> [EXERCISE BRIEF]:
Reproduce each record exactly, but exclude every picture.
START DATA
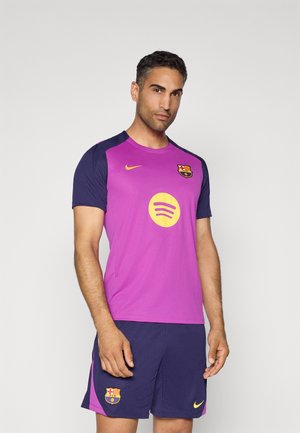 FC Barcelona Nike trøje i pink med blå ærmer, har rund halsudskæring, klublogo og Spotify-logo i gul. Parret med navy shorts.
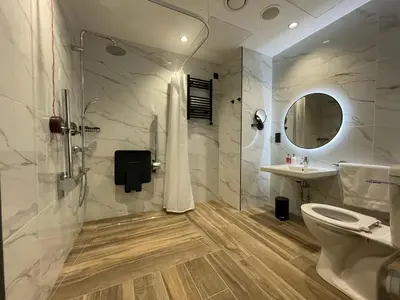 a bathroom with a shower and a toilet and a sink at Tynecastle Park Hotel in Edinburgh
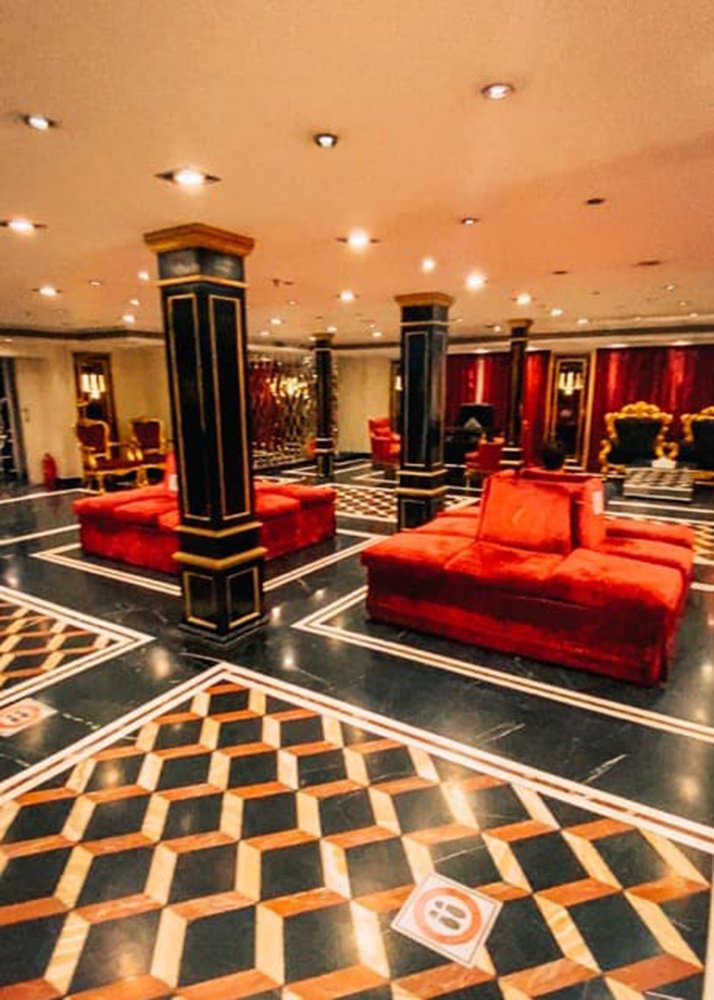 Luxurious cruise ship lobby featuring ornate decor with red couches, black and gold columns, and a geometric-patterned floor.
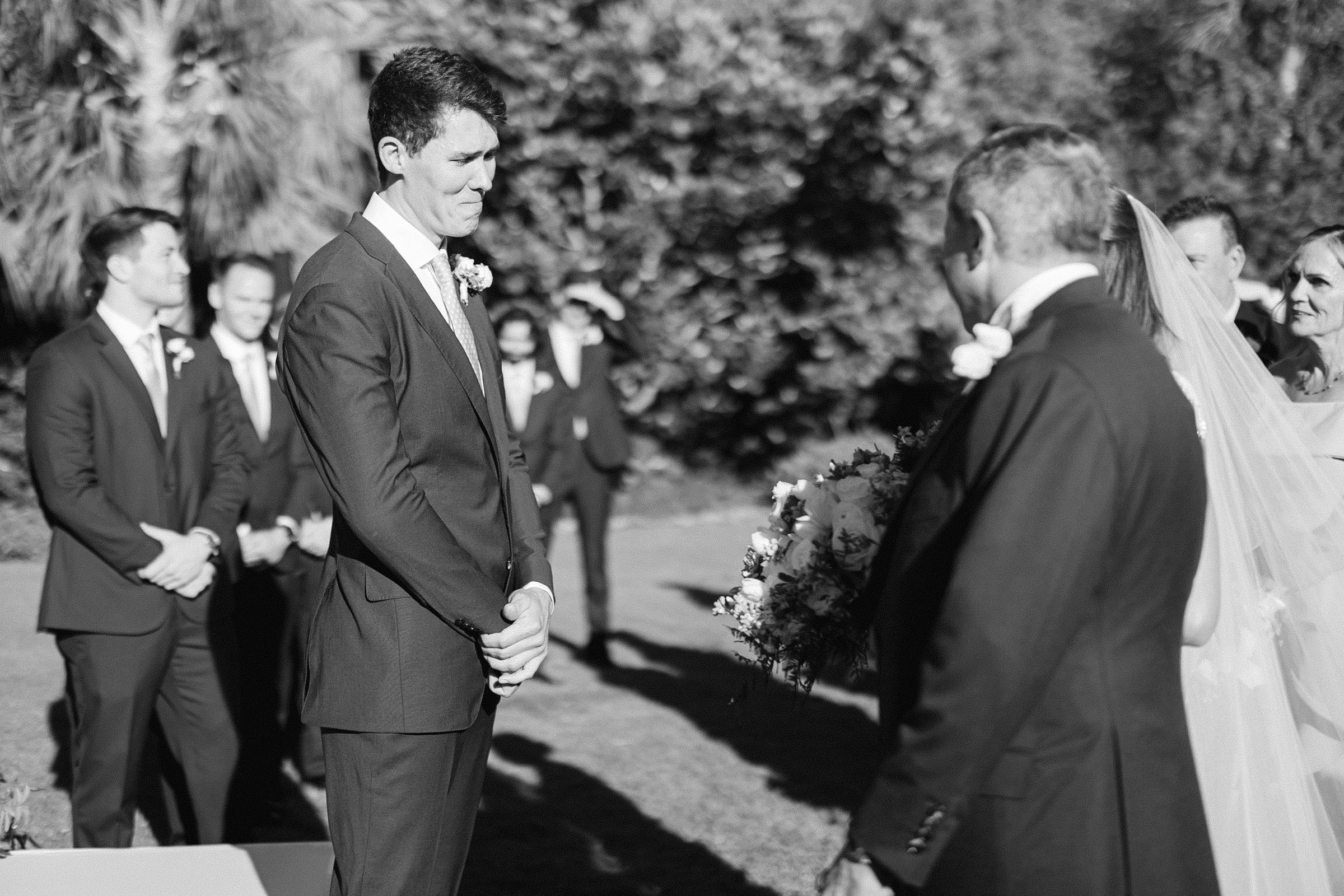 a black and white image of the grooms emotional reaction to seeing the bride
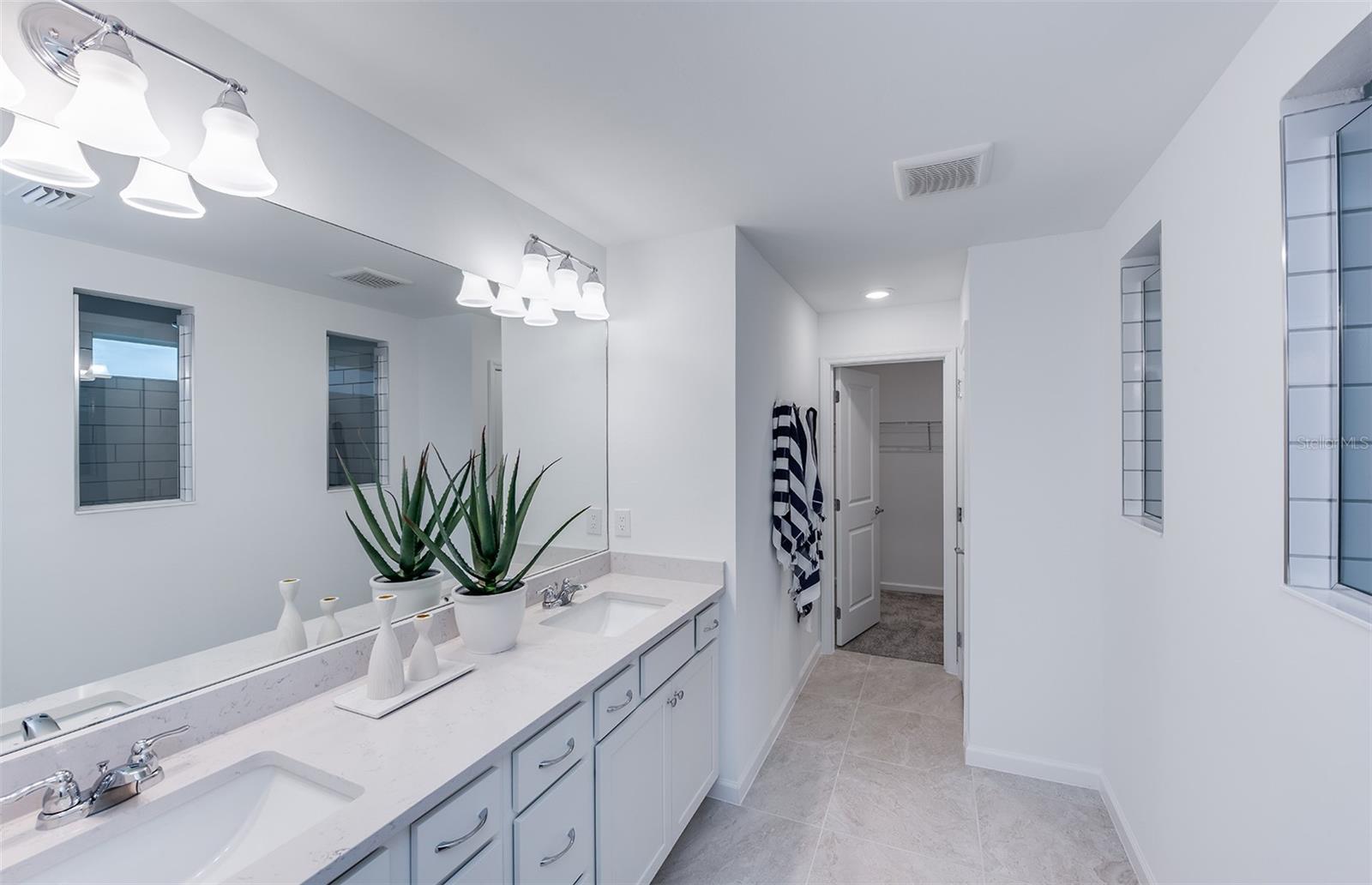 Model Home Design Only. Pictures and furnishings are for illustrative purposes only. Elevations, colors and options may vary. Furniture is for model home staging only. - 3911 MARBURY COURT, DAVENPORT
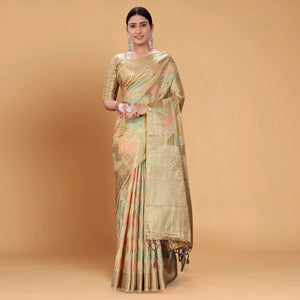 Chikoo Woven Organza Saree With Tassels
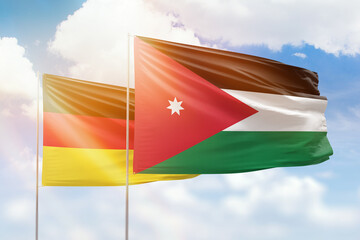 Sunny blue sky and flags of jordan and germany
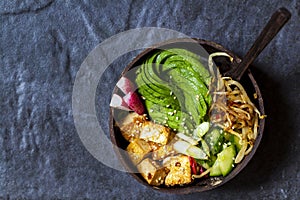 Vegan bowl with avocado and tofu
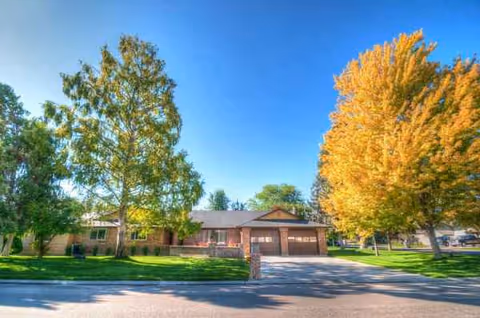 Front view of a single-story brick senior living facility with trees and a driveway.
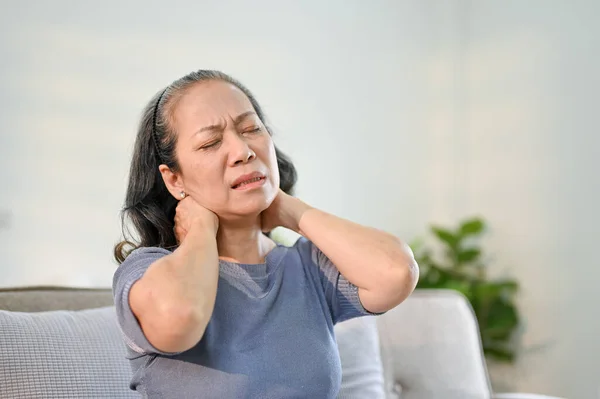 Unhappy elderly Asian woman sits on sofa in her living room suffering from neck pain and rubbing her neck. Health problems concept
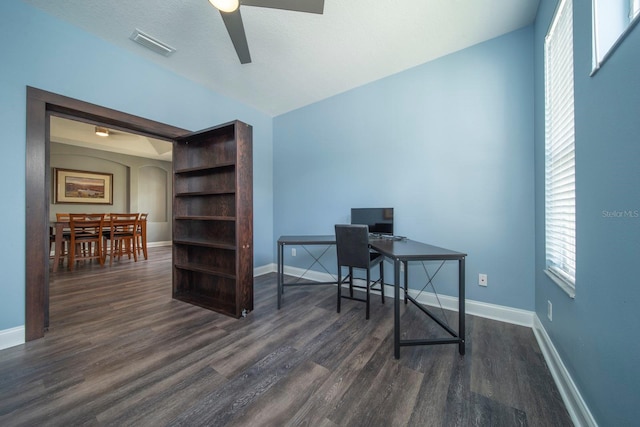 home office with dark hardwood / wood-style flooring and ceiling fan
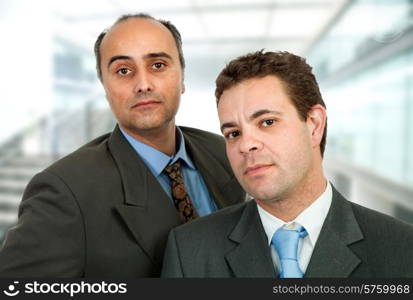 two business men standing at the office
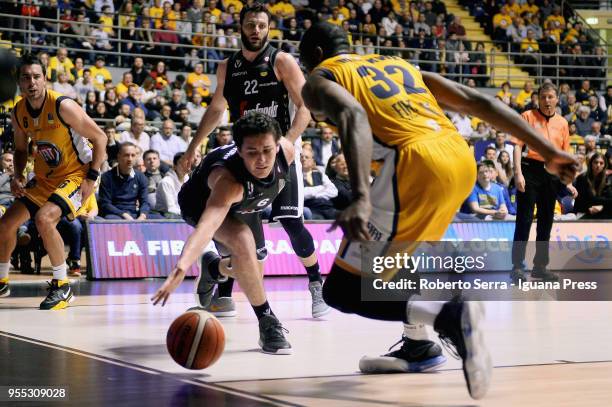 Alessandro Pajola and Stefano Gentile of Segafredo competes with Aleksander Vujacic and Trevor Mbakwe of Fiat during the LBA LegaBasket match between...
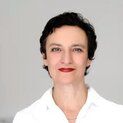 Eine Frau schaut lächelnd in die Kamera. Sie trägt eine weiße Bluse.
END DATA
> [OUTPUT FOR THIS TASK]:
 FC Barcelona Nike trøje i pink med blå ærmer, har rund halsudskæring, klublogo og Spotify-logo i gul. Parret med navy shorts.
 a bathroom with a shower and a toilet and a sink at Tynecastle Park Hotel in Edinburgh
 Luxurious cruise ship lobby featuring ornate decor with red couches, black and gold columns, and a geometric-patterned floor.
 a black and white image of the grooms emotional reaction to seeing the bride
 Model Home Design Only. Pictures and furnishings are for illustrative purposes only. Elevations, colors and options may vary. Furniture is for model home staging only. - 3911 MARBURY COURT, DAVENPORT
 Chikoo Woven Organza Saree With Tassels
 Sunny blue sky and flags of jordan and germany
 Vegan bowl with avocado and tofu
 Front view of a single-story brick senior living facility with trees and a driveway.
 Unhappy elderly Asian woman sits on sofa in her living room suffering from neck pain and rubbing her neck. Health problems concept
 home office with dark hardwood / wood-style flooring and ceiling fan
 two business men standing at the office
 Alessandro Pajola and Stefano Gentile of Segafredo competes with Aleksander Vujacic and Trevor Mbakwe of Fiat during the LBA LegaBasket match between...
 Eine Frau schaut lächelnd in die Kamera. Sie trägt eine weiße Bluse.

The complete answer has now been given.